=== Prompt ===
Once the pictures are set aside, output all the records exactly.

(Brief descriptive captions)
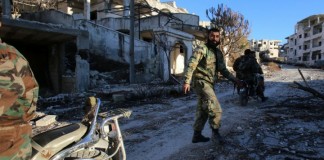 Seizes key rebel-held town in Latakia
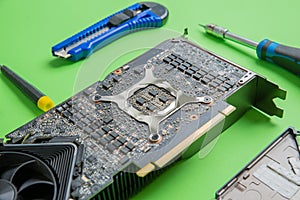 Open graphics card showing chips, MOSFETs, and power section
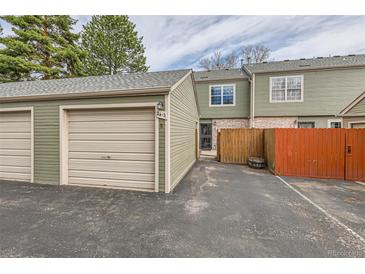 View of the townhome featuring attached garage and partially fenced front patio at 3415 S Ammons St # 24-2, Lakewood, CO 80227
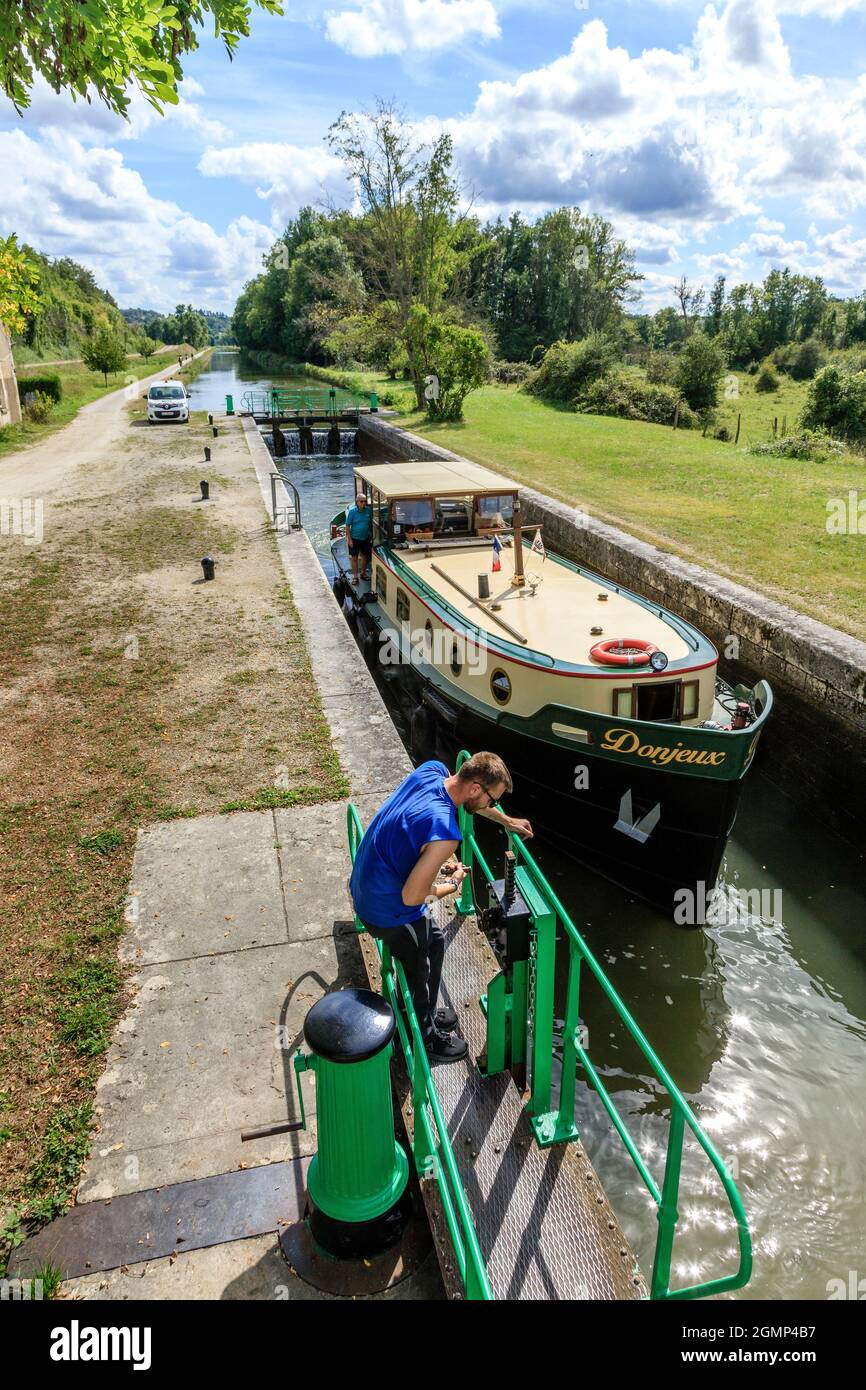 France, Yonne, Canal du Nivernais, Chatel Censoir, lock with lock keeper and houseboat, canal towpath, green road V51 Le Tour de Bourgogne by bike // Stock Photo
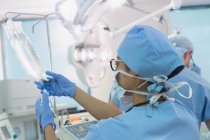 Anestesióloga femenina preparando goteo IV en quirófano - foto de stock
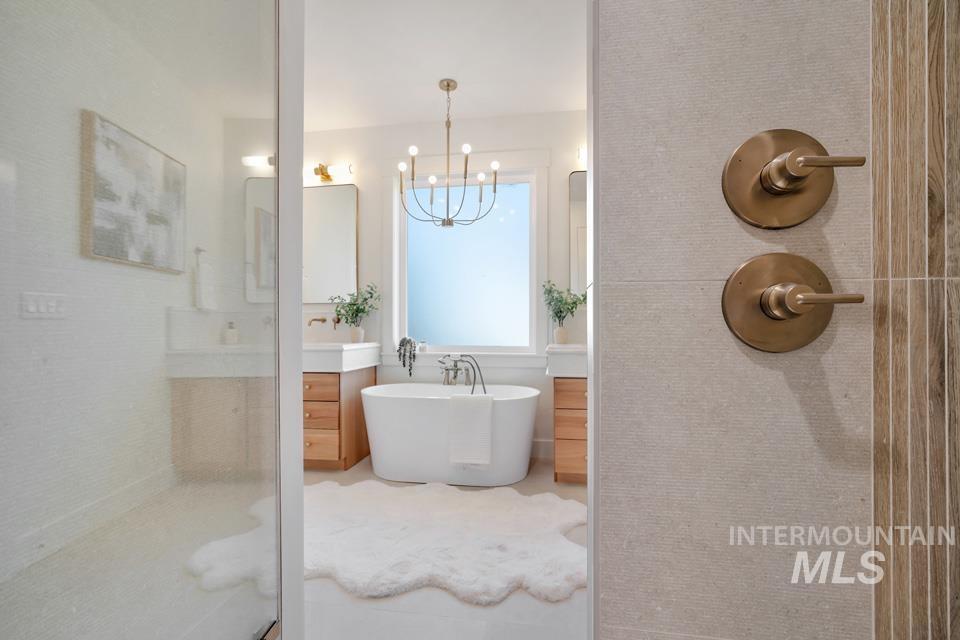Full bathroom featuring vanity, a soaking tub, a shower stall, and a chandelier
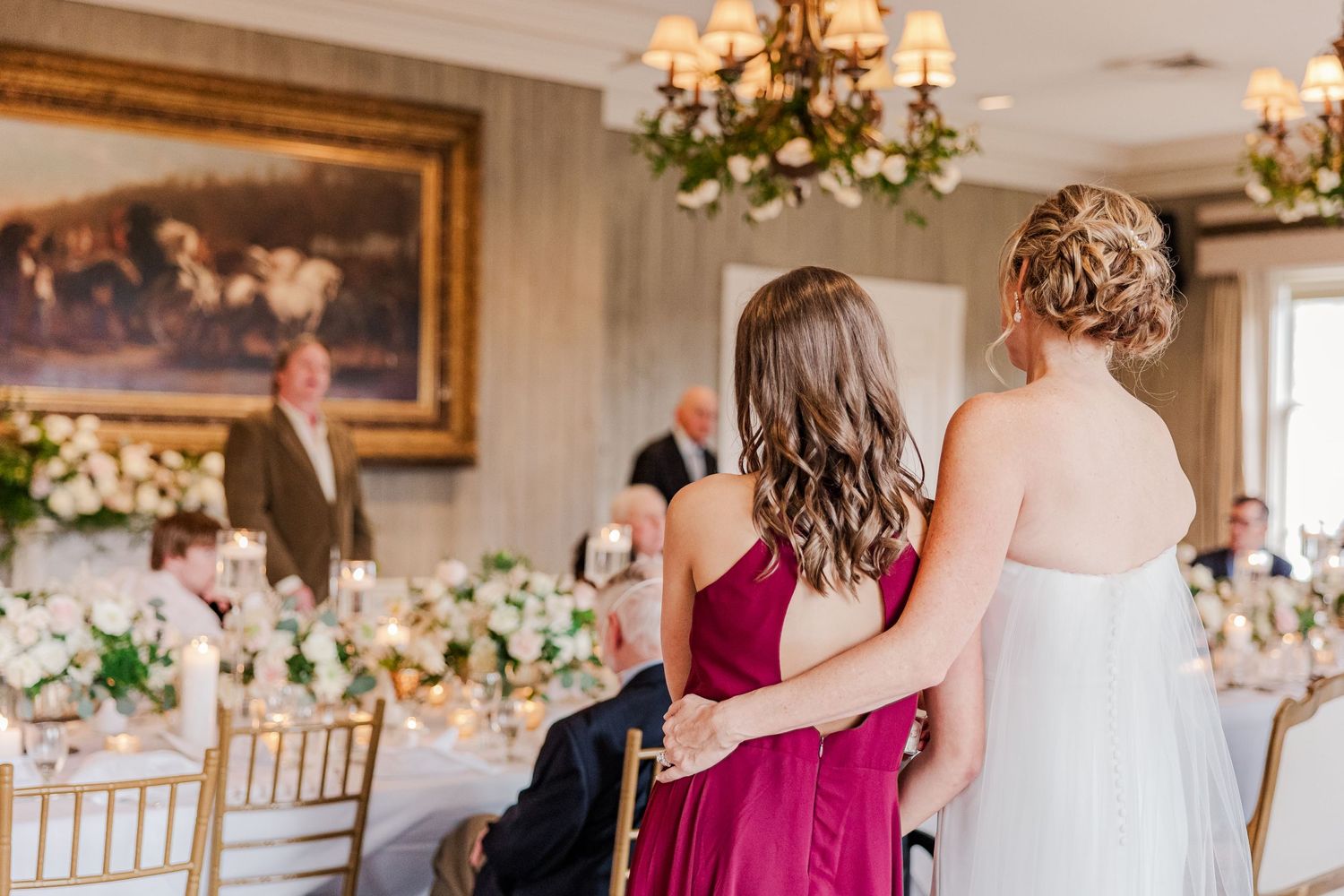 Wedding reception venue with elegant chandeliers and floral centerpieces on white tablecloths.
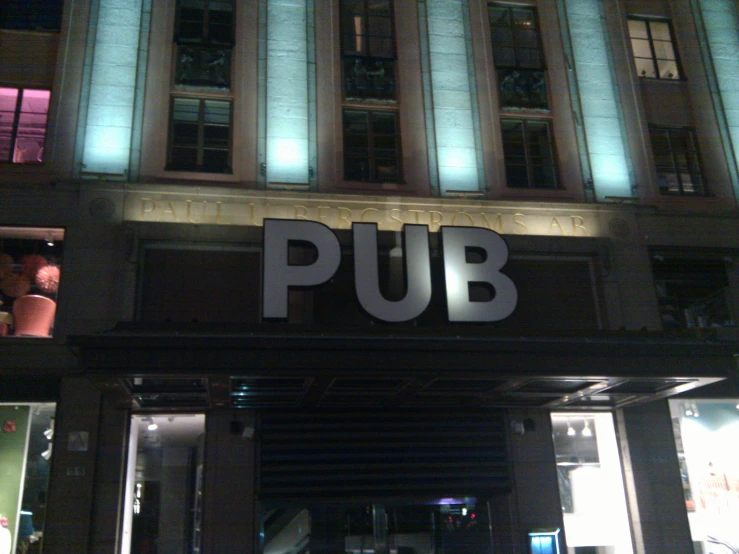 a building has a sign that says pub above it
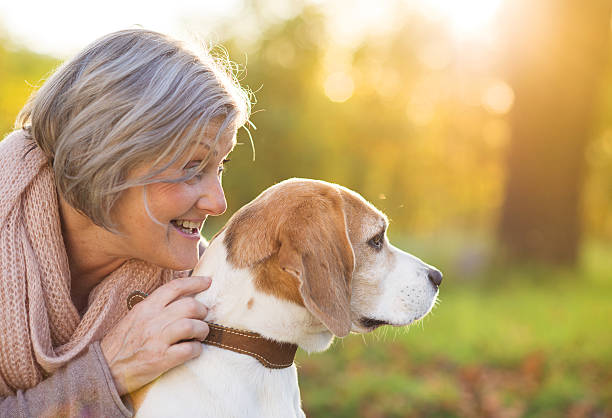 istock Active senior woman hugs dog 474597697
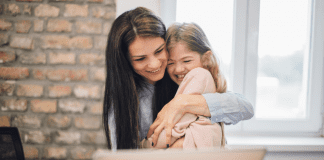 A mother hugging a child.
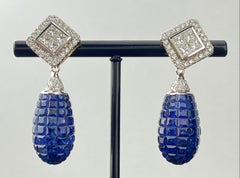 Boucles d'oreilles pendantes en or blanc 18K saphir bleu et diamant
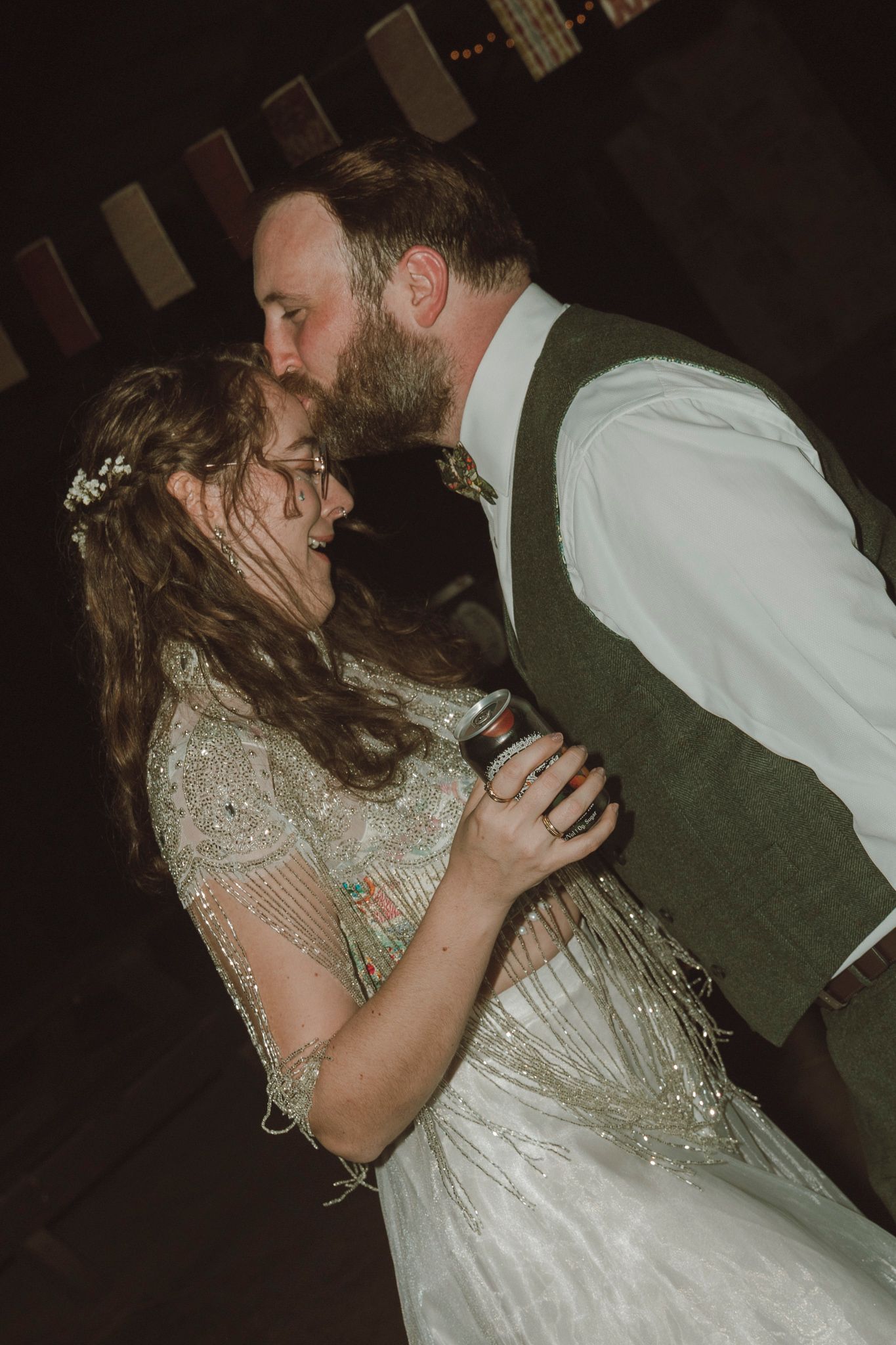 Newlyweds share a romantic dip and kiss on the dance floor during their wedding reception celebration.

=== Written answer ===
 Seizes key rebel-held town in Latakia
 Open graphics card showing chips, MOSFETs, and power section
 View of the townhome featuring attached garage and partially fenced front patio at 3415 S Ammons St # 24-2, Lakewood, CO 80227
 France, Yonne, Canal du Nivernais, Chatel Censoir, lock with lock keeper and houseboat, canal towpath, green road V51 Le Tour de Bourgogne by bike // Stock Photo
 Anestesióloga femenina preparando goteo IV en quirófano - foto de stock
Full bathroom featuring vanity, a soaking tub, a shower stall, and a chandelier
 Wedding reception venue with elegant chandeliers and floral centerpieces on white tablecloths.
 a building has a sign that says pub above it
 istock Active senior woman hugs dog 474597697
 A mother hugging a child.
 Boucles d'oreilles pendantes en or blanc 18K saphir bleu et diamant
 Newlyweds share a romantic dip and kiss on the dance floor during their wedding reception celebration.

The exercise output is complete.